Puseste alegria em meu coração, mais do que no tempo em que seu trigo e seu vinho aumentaram. "Os amigos de Jó estão cheios de intenções piedosas, mas declaram um credo nada espiritual, cujo fundamento está no milho e no vinho. Não são eles que passam paz de consciência e confiança tranquila em Deus. Por isso, o sofredor não encontra apoio neles nem nas suas promessas. Não o ajudarão um dia a viver, nem o apoiarão na morte.
Pois é a luz do semblante de Deus que ele deseja ver. Ele é apenas zombado e exasperado por seus argumentos; e no curso de seu próprio pensamento ansioso a revelação vem como uma estrela de esperança surgindo na meia-noite de sua alma.
Embora Zofar falhe como os outros dois, ele não deve ser chamado de mero eco. É incorreto dizer que, enquanto Elifaz é uma espécie de profeta e Bildade um sábio, Zofar é um homem comum sem idéias. Ao contrário, ele é um pensador, algo como um filósofo, embora, é claro, muito restringido por seu credo estreito. Ele é rigoroso, realmente amargo. Mas ele tem o mérito de ver uma certa força na contenda de Jó que ele não responde com justiça.

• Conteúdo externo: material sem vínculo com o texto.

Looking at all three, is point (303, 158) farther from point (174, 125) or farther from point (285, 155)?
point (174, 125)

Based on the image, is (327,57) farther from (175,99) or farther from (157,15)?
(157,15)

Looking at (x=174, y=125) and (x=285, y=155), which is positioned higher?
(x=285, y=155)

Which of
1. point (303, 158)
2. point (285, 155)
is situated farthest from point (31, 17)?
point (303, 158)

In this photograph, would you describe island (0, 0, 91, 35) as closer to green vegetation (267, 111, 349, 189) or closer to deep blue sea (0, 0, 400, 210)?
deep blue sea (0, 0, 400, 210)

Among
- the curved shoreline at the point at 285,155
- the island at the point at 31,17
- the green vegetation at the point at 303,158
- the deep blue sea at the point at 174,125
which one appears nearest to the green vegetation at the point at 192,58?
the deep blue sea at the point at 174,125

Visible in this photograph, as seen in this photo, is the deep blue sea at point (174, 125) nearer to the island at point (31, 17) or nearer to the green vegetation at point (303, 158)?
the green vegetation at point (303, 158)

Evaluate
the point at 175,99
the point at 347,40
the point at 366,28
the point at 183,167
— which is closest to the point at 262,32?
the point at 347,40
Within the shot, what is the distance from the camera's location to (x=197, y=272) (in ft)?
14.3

É uma nova sugestão de que a resposta deve estar nas profundezas daquela sabedoria penetrante do Altíssimo, comparada à qual a sabedoria do homem é vã. Então, sua descrição do retorno da bem-aventurança e prosperidade, quando examinada, é encontrada distintamente à frente da descrição de Elifaz no colorido moral e na gravidade do tratamento. Além disso, não devemos deixar de notar que Zofar fala da onisciência de Deus mais do que de Sua onipotência; e o versículo final descreve o fim dos ímpios não como resultado de um golpe sobrenatural ou de uma calamidade repentina, mas como um processo de decadência natural e espiritual.

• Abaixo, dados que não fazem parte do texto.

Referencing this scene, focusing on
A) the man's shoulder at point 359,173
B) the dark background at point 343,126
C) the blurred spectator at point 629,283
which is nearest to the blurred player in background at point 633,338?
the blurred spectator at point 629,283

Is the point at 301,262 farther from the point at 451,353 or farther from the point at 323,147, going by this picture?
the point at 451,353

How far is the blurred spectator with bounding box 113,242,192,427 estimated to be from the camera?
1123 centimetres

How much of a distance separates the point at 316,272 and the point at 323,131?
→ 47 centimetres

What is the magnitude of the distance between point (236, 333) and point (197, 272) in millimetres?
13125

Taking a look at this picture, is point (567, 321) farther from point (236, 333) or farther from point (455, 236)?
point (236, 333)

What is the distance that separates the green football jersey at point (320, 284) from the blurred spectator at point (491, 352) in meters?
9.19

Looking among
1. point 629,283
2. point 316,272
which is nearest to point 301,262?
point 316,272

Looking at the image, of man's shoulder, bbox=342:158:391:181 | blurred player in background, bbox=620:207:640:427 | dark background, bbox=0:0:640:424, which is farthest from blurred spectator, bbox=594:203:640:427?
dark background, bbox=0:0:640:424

As palavras finais do discurso de Zofar apontam para a finalidade da morte e significam que se Jó morresse agora de sua doença, toda a questão de seu caráter estaria encerrada. É importante notar isso, porque isso entra na mente de Jó e afeta suas expressões de desejo. Nunca mais ele chora por libertação como antes. Se ele nomeia a morte, é como um destino triste que ele deve enfrentar ou como um poder que ele desafiará.
Ele avança um ponto após o outro de energia reafirmada, para a resolução de que, o que quer que a morte possa fazer, seja no mundo subterrâneo ou além dele, ele esperará por uma justificativa ou fará valer seu direito.